== Exercise data

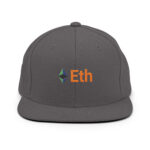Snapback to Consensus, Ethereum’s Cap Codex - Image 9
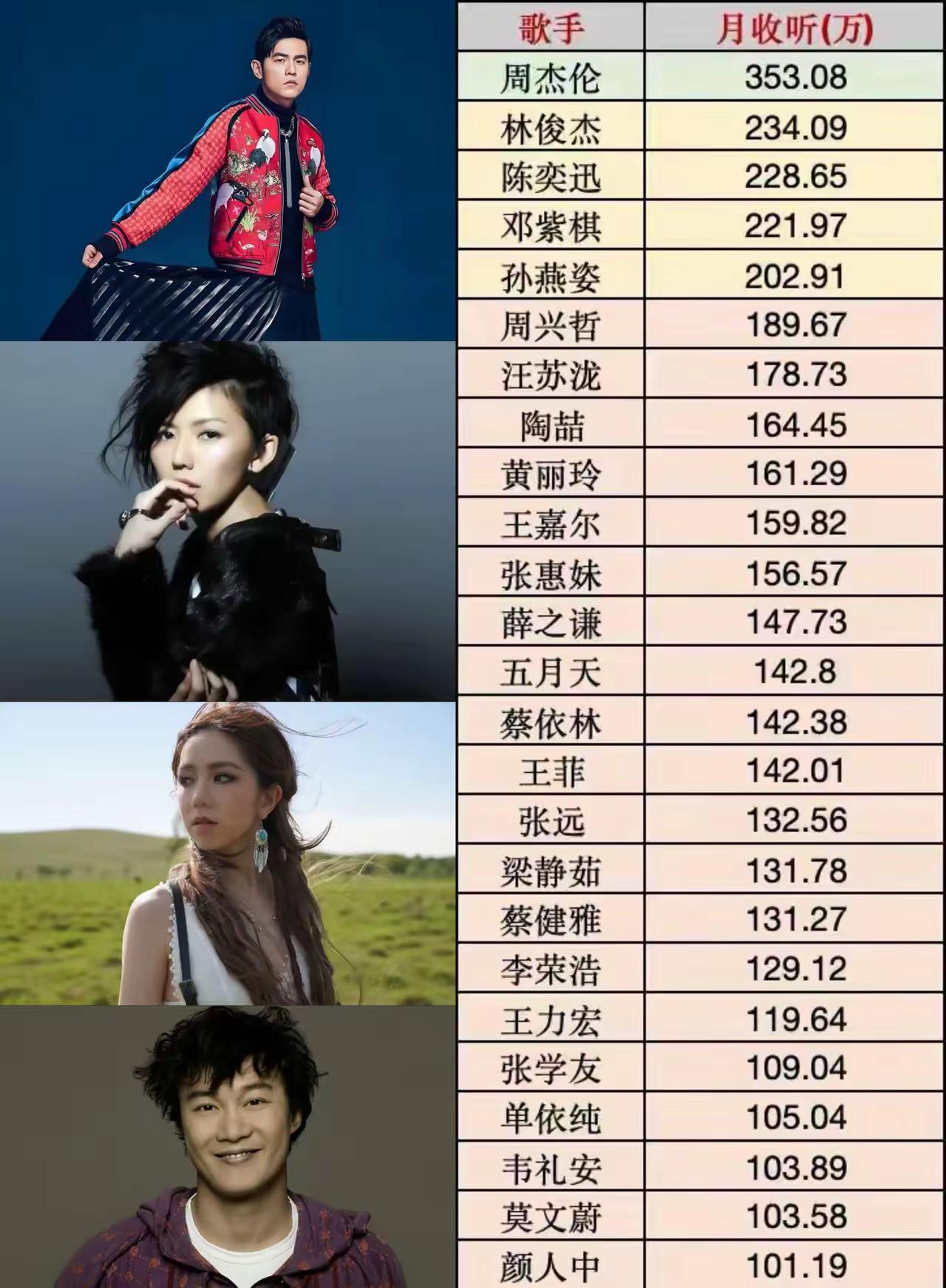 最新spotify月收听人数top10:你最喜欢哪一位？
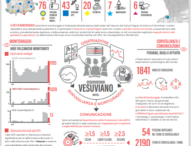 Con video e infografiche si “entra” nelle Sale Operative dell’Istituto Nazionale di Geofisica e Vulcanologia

====

*Exercise aim*.
Give back the material word for word, without images.

*Response to this task*.
Snapback to Consensus, Ethereum’s Cap Codex - Image 9
 最新spotify月收听人数top10:你最喜欢哪一位？
 Con video e infografiche si “entra” nelle Sale Operative dell’Istituto Nazionale di Geofisica e Vulcanologia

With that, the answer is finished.